Now say the truth. Did you buy a chinese Mp3 Player? Right naa?
And the cost would be 800-1000 rupees?
You were duped. These chinese mp3 player+Pendrive combo which shows 1 GB are not actually 1 GB. They are actually 128 MB. They use some software means to show the capacity as 1 GB. But once that drive is formatted its gone and the original size is shown.


Yesterday, a friend brought to me a screwed up Mp3 player like you have. It was mentioned 2 GB. I formatted it in FAT and poof!! The size came down to 256 MB.

Always format your drive in FAT file system. 

have you ever transferred a 700-800 Mb single file and retrived it from the player?
And did you notice how much time did it take?

Is this your player?
*www.made-in-china.com/image/2f0j00oekELcTFZUqdM/MP3-EV-801-.jpg



*www.made-in-china.com/image/2f0j00AkEthLaRTTQNM/MP3-Player-With-7-Color-Backlight-Itm002.jpg


----------



## ashnik (Jul 27, 2007)

brand and model plz


----------



## Lucky_star (Jul 27, 2007)

Anurag, Forget your 1 GB and be happy with what you have got now 128 MB. It won't be ever 1 GB again. I was saying this till today to all those friends who have bought Chinese Mp3/Mp4/Video players


----------



## ankushkool (Jul 27, 2007)

Lucky_star said:
			
		

> Always format your drive in FAT file system.



whats the advantage in formatting USB drive in FAT??


----------



## Lucky_star (Jul 27, 2007)

Because if you try to format your player with FAT32 file system, whatever is left will also be gone. The player won't be detected anymore(though rarely sometime it works) when connecting to computer. No drives will be shown.
And the most frustrating part: your player won't start again. 

Note: this is for chinese cheap players only. Not for branded ones.


----------



## Ihatemyself (Jul 27, 2007)

My frend also got a chinese crap and since then most of d songs he plays have 'format error' .Now he cant format mp3 player becoz than it will come back to itz real capacity .I've promised him i'll get him outto dis mess so plz guys can somethin' be done since he hasnt formatted it yet..!


----------



## freshseasons (Jul 27, 2007)

Whatever happened to playing Fair ?


----------



## Choto Cheeta (Jul 27, 2007)

> I've promised him i'll get him outto dis mess so plz guys can somethin' be done since he hasnt formatted it yet..!



really, read the post of Lucky  he has given gr8 info on the subject, so u tell me, how can u make a Physical 128MB Drive a 1GB one ??

Not possible !! Hard luck


----------



## utsav (Jul 27, 2007)

Lucky_star said:
			
		

> Yesterday, a friend brought to me a screwed up Mp3 player like you have.

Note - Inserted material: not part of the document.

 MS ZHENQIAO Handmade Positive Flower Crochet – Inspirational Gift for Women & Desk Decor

It was mentioned 2 GB. I formatted it in FAT and poof!! The size came down to 256 MB.


exactly this happened to me a couple of weeks back    

in chinese players 2 GB means 2 giga bits & not to 2 giga bytes
1GB=1024MB
1Gb=128MB
always remember this when buying chinese media players


----------



## Lucky_star (Jul 27, 2007)

utsav said:
			
		

> in chinese players 2 GB means 2 giga bits & not to 2 giga bytes
> 1GB=1024MB
> 1Gb=128MB
> always remember this when buying chinese media players


Interesting! Never thought that way.


----------



## ANURAG SHARMA (Jul 27, 2007)

Thanks lucky star for sharing your highly appreciable true experience , and yes I got the same one.As you opened my eyes that never buy unbranded cheap ones. I was going to buy pendrive from Kingston (1 GB =Rs 550),but as I was needing something for recording purpose so unfortunately I hang over this.By the way at least I can record up to this capacity and can listen to FM as well.I thank GOD that I didn't lost some thing valuable by copying over this.Well you said right the data transfer rate was quite slow.

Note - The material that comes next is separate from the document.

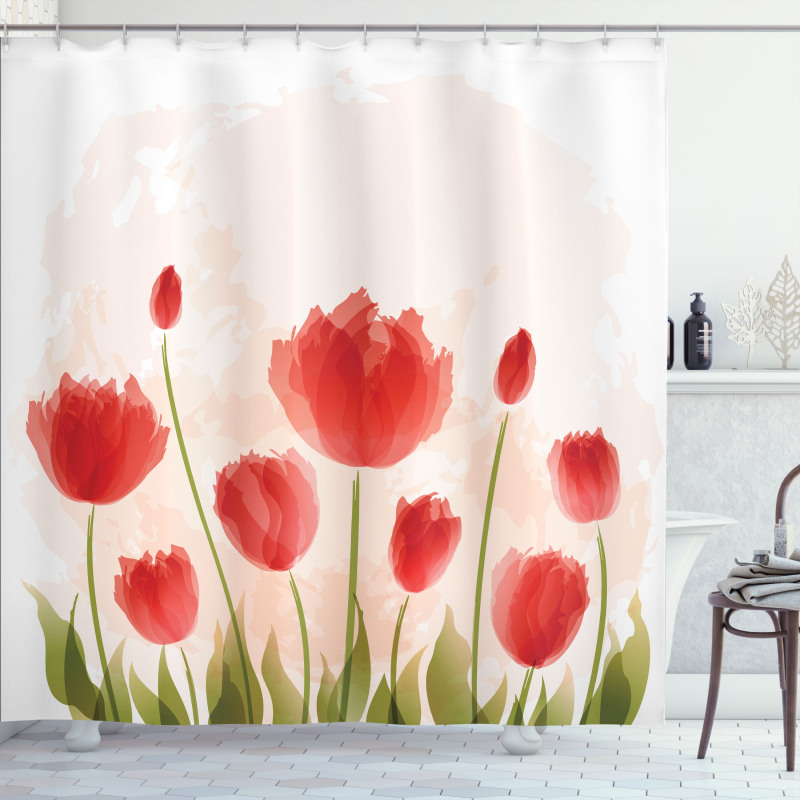 Romantic Tulip Blossoms Shower Curtain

As you said that"They use some software means to show the capacity as 1 GB."has blown my mind that there can be some way at least to again show that same capacity again.I tried lot of utilities googling over it,

By the way what's the use of upgrading there firmware?

Aapne aaj sikha diya ki China wale technology me hamse aage kyon rahte hain.Its a shame over our Indian hardware engineers if they are unable to solve this SODUKU.



			
				utsav said:
			
		

> exactly this happened to me a couple of weeks back
> 
> in chinese players 2 GB means 2 giga bits & not to 2 giga bytes
> 1GB=1024MB
> ...




what is this new maths? Should I again sit in a computer class to learn bits n Bytes from scratch.plz clear this one.


----------



## Choto Cheeta (Jul 27, 2007)

Bit and Byte are Different,

A bit is a single numeric value, either '1' or '0', that encodes a single unit of digital information. A byte is a sequence of 8 bits.

So, here is that Math,

1024/8 = 128MB

They fool people in this sense, as its 1 GB which means GigaBits, but in Storage calculatation, 1024/8 = 128 MB (MegaByte)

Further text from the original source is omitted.